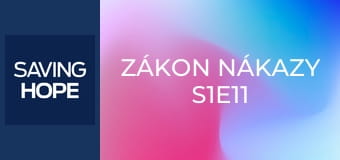 Zákon nákazy S1E11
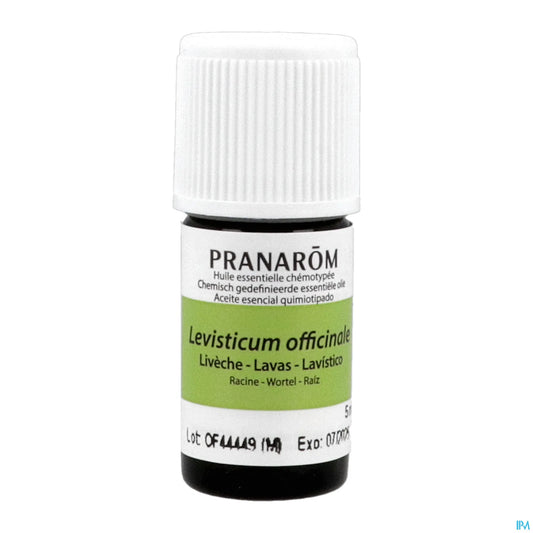 Huile Essentielle Livèche 5 mL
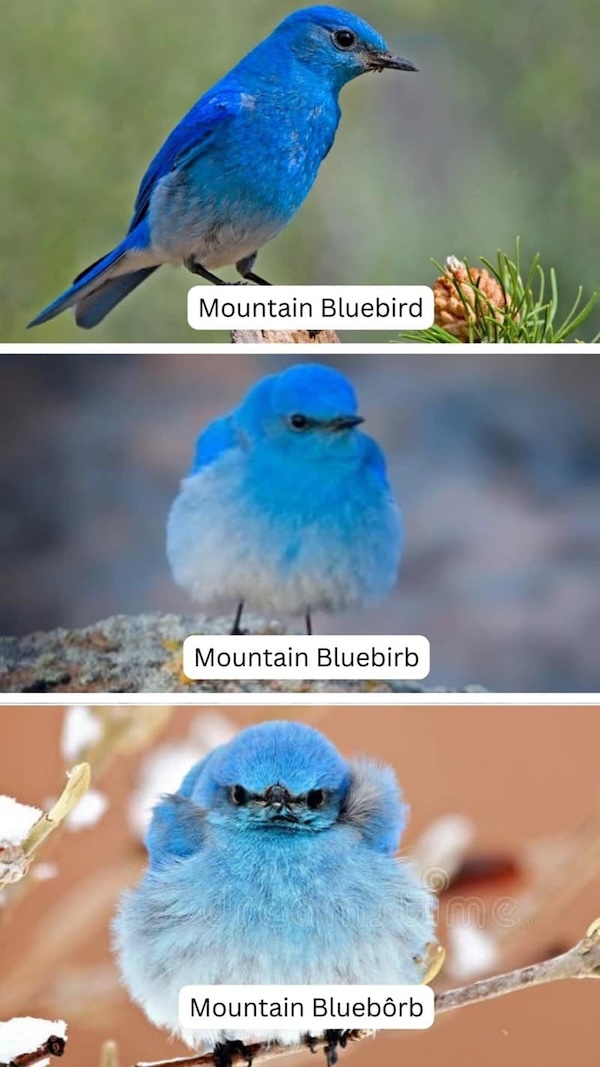 Birding-Memes-Facebook-10.jpg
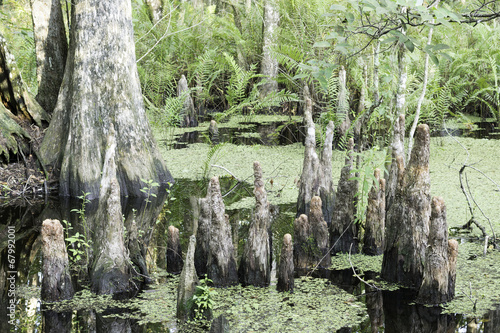 Cypress Tree Stump (knee) Close-up photo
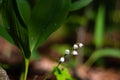 Blossoming lilies of the valley in a sunny forest Royalty Free Stock Photo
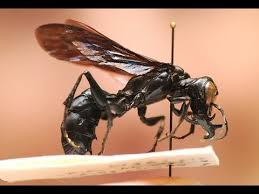 インドネシアの巨大スズメバチ「ガルーダ」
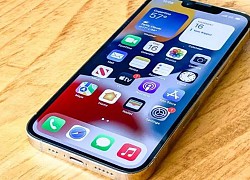 iPhone 14 Max - đối thủ "đáng gờm" của Galaxy S22 Plus và Pixel 6 Pro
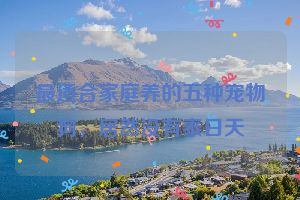 最适合家庭养的五种宠物狗，居然没有泰日天
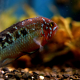 Nannacara Anomala i akvarium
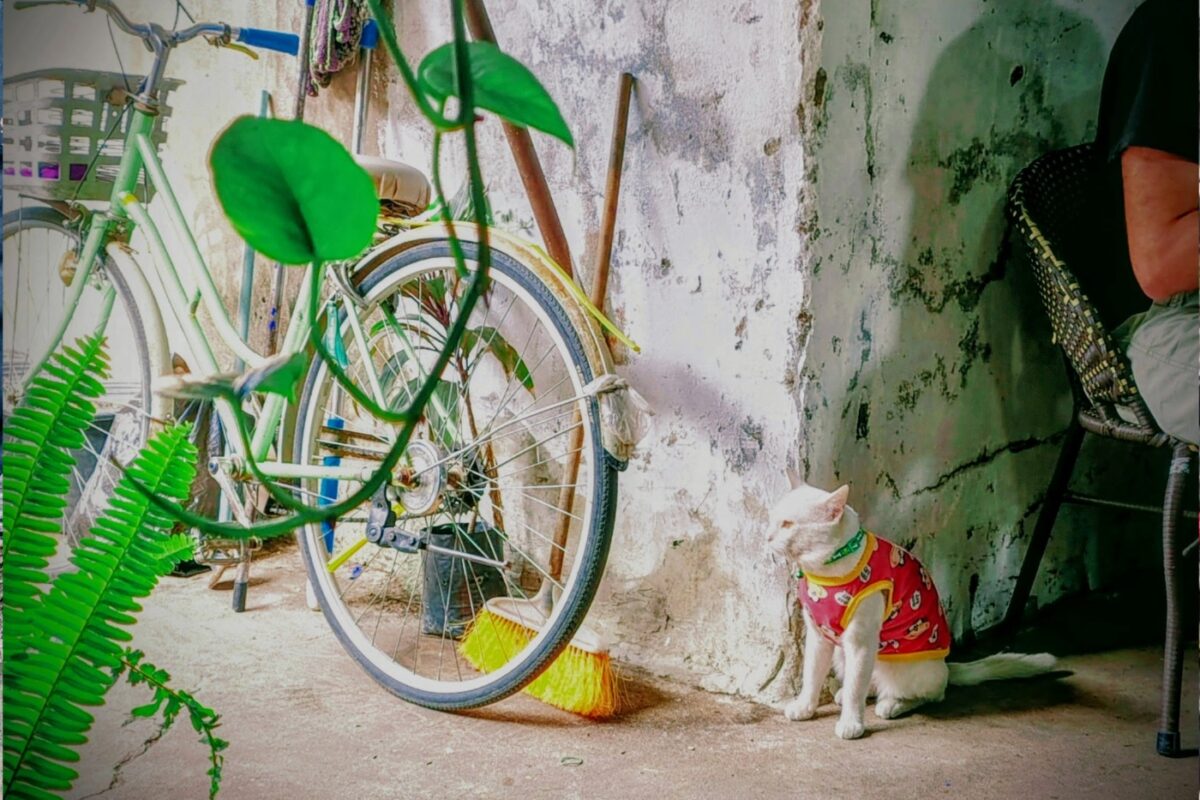 Kung cafe restaurant Vientiane Laos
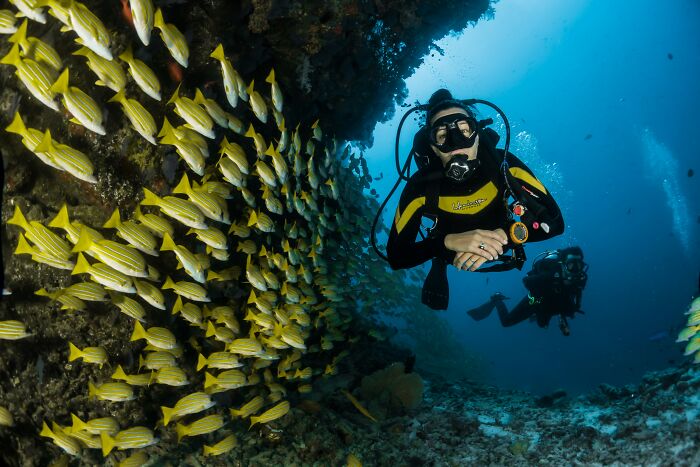 A diver reveals the truth about a mysterious blacked-out island while scuba diving amidst a school of yellow fish.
____________________
# [Brief]
Give the listing above again in its entirety, exactly as written and free of images.

# [Output below]
 Zákon nákazy S1E11
 Huile Essentielle Livèche 5 mL
 Birding-Memes-Facebook-10.jpg
 Cypress Tree Stump (knee) Close-up photo
 Blossoming lilies of the valley in a sunny forest Royalty Free Stock Photo
 インドネシアの巨大スズメバチ「ガルーダ」
 iPhone 14 Max - đối thủ "đáng gờm" của Galaxy S22 Plus và Pixel 6 Pro
 最适合家庭养的五种宠物狗，居然没有泰日天
 Nannacara Anomala i akvarium
 Kung cafe restaurant Vientiane Laos
 A diver reveals the truth about a mysterious blacked-out island while scuba diving amidst a school of yellow fish.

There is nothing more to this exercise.